Il semble logique que Shawn O'Sullivan ait choisi les images des 'club kids' de New York d'Alexis Dibiasio pour illustrer son nouvel album Fit For Purpose. Le New-Yorkais a passé sa carrière à explorer les frontières de la techno, de son premier EP pour le label Shifted jusqu'à son premier LP sous le surnom de 400PPM ; un projet épuré, bien conduit et inspiré par la culture rave contemporaine. Aujourd'hui associée aux photos d'Alexis Dibiasio, son exploration se transforme en une méditation sur l'intérêt historique de la techno ; « le sentiment d'inquiétude et d'hystérie qui a nourri, et qui continue de nourrir, les mouvements contre-culturels qui ont donné vie à la 'club culture' ». Peu avant la sortie de l'album, nous avons réuni Shawn O'Sullivan et Ernie Glam - l'un des premiers 'club kids' de New York et le gardien des dernières images de Dibiasio (et créateur du livre Fabulosity) - pour parler de la scène club, de son importance et de son hédonisme sans complexe qui lui a parfois joué des tours. Appuyez sur play ci-dessous pour écouter en exclusivité l'un des morceaux du LP. 

Pourquoi vous êtes vous dit que ces images iraient parfaitement avec cette sortie ?

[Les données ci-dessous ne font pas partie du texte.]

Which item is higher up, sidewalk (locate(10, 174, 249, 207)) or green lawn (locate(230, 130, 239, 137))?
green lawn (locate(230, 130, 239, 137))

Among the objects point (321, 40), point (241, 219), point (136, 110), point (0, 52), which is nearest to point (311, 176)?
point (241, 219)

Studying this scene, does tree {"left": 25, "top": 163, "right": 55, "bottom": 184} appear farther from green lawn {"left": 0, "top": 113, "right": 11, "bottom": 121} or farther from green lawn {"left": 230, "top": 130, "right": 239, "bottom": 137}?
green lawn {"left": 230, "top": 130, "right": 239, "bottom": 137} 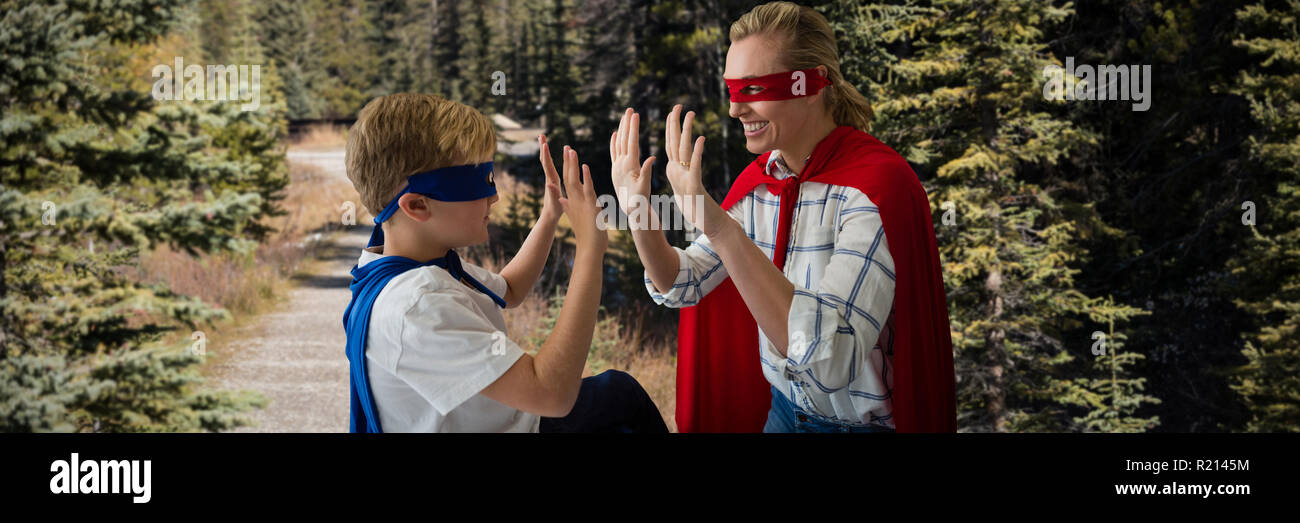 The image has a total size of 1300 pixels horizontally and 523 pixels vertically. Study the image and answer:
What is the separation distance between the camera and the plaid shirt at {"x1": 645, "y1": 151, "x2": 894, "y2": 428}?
1899 millimetres

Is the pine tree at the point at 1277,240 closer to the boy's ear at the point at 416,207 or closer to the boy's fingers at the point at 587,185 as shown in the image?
the boy's fingers at the point at 587,185

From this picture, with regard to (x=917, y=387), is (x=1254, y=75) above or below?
above

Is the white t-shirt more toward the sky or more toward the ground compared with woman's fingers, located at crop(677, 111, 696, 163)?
more toward the ground

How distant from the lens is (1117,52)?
31.2 ft

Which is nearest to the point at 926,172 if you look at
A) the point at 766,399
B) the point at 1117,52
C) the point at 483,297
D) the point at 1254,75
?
the point at 1117,52

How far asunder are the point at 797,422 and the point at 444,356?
999mm

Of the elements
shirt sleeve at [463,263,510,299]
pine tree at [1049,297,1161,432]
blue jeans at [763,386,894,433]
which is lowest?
pine tree at [1049,297,1161,432]

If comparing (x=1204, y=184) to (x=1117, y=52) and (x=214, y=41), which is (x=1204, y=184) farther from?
(x=214, y=41)

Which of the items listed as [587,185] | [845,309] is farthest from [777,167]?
[587,185]

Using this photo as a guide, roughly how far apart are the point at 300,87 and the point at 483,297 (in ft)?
33.6

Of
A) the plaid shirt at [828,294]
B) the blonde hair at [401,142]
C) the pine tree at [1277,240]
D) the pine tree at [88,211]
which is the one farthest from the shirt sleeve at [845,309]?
the pine tree at [1277,240]

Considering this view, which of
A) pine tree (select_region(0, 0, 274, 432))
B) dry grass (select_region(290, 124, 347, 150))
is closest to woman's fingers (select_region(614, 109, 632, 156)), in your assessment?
pine tree (select_region(0, 0, 274, 432))

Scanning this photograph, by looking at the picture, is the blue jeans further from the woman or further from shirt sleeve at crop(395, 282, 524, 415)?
shirt sleeve at crop(395, 282, 524, 415)

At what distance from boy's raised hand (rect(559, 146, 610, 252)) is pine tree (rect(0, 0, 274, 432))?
6.17 meters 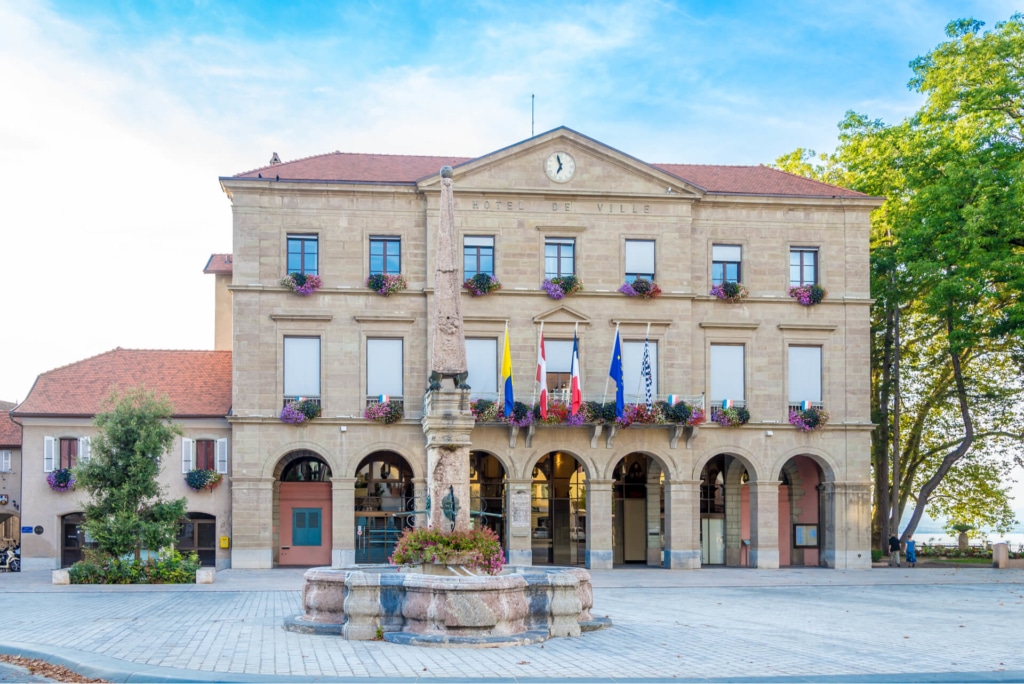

Shawn : Ça a été immédiat. Bosser avec ces photos de marginaux de la culture club de New York m'a semblé être une très bonne idée. Ce que j'ai trouvé le plus puissant visuellement c'est que les images capturaient parfaitement ce moment où la fête dégénère. Le moment où les festivités tournent à l'horreur. Et pour moi ce moment est très particulier et complexe.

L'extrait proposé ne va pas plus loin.